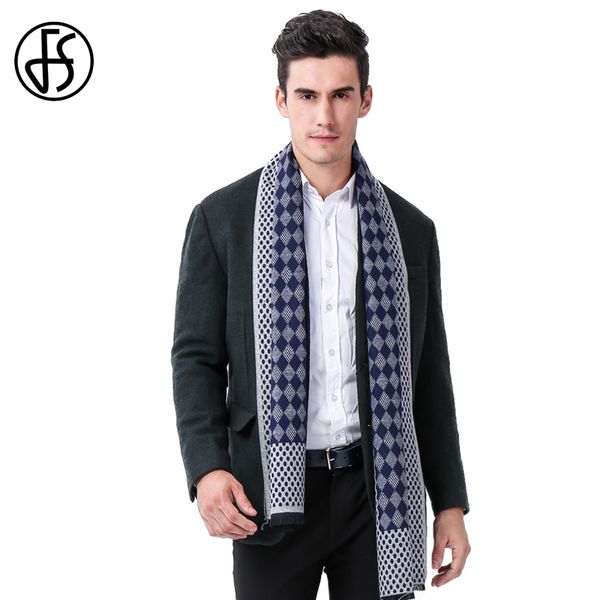 

fs fashion mens cashmere brand scarf geometric dots print winter business shawl luxury soft vintage scarves echarpe hiver homme, Blue;gray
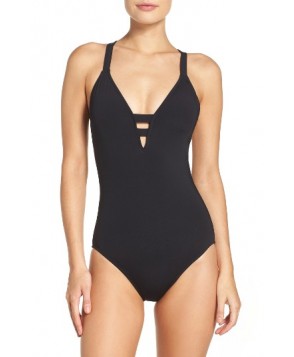 Seafolly Active Deep-V One-Piece Swimsuit US / 8 AU - Black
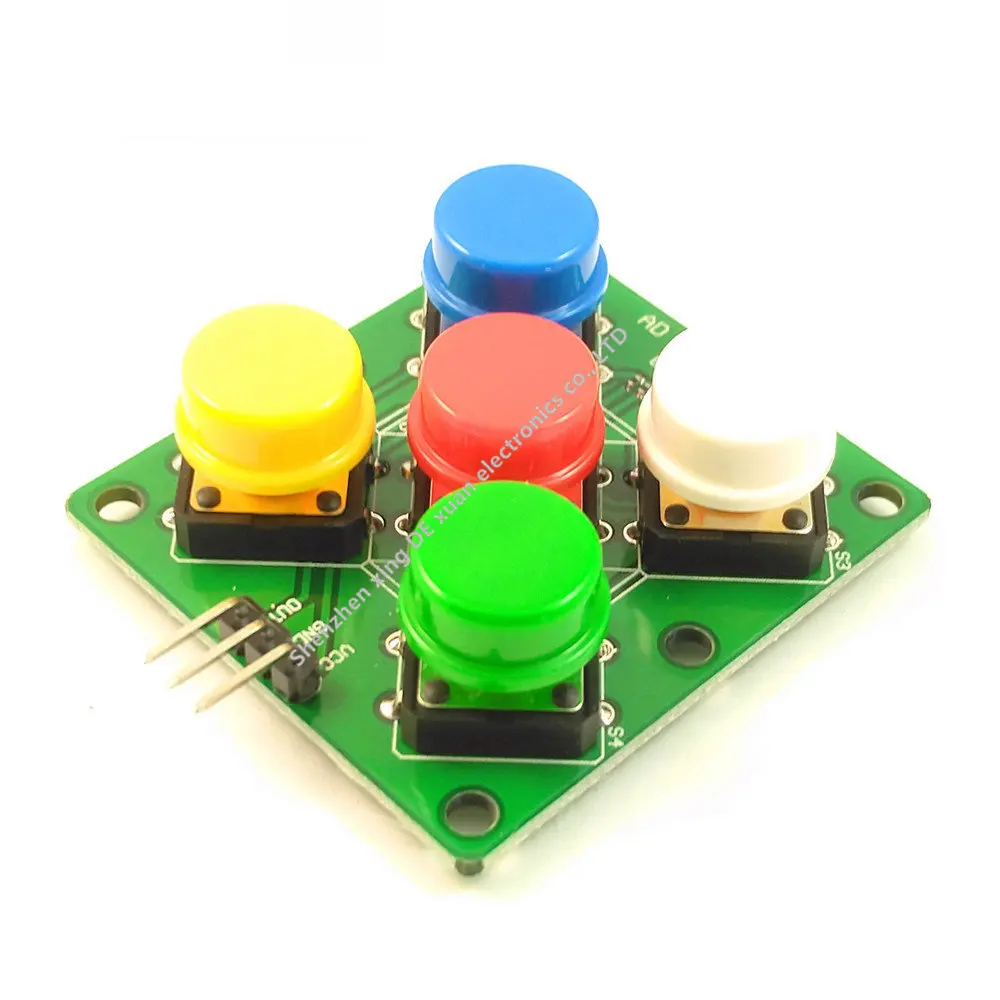 Аналоговая клавиатура, красочная квадратная кнопка с круглым колпачком, модуль аналоговой кнопки, 5 Пяти клавиш, Электронные строительные блоки, кнопка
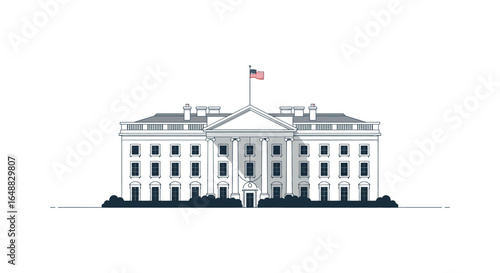 Minimalist White House Illustration with American Flag on White Background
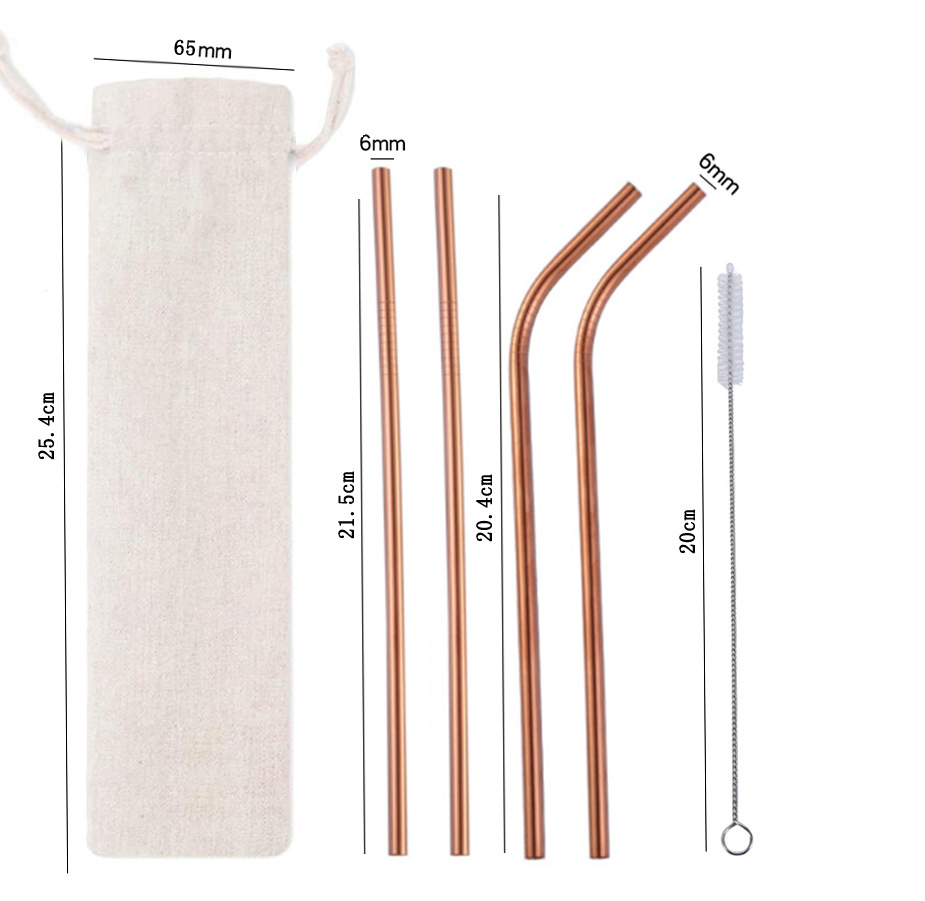 High Quality 304 Stainless Steel Straw Bar Accessories Metal Drinking Straw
----
_Action item_: The records above must be output exactly, except for their pictures.

_Expected output_:
fs fashion mens cashmere brand scarf geometric dots print winter business shawl luxury soft vintage scarves echarpe hiver homme, Blue;gray
 Seafolly Active Deep-V One-Piece Swimsuit US / 8 AU - Black
 Аналоговая клавиатура, красочная квадратная кнопка с круглым колпачком, модуль аналоговой кнопки, 5 Пяти клавиш, Электронные строительные блоки, кнопка
 Minimalist White House Illustration with American Flag on White Background
 High Quality 304 Stainless Steel Straw Bar Accessories Metal Drinking Straw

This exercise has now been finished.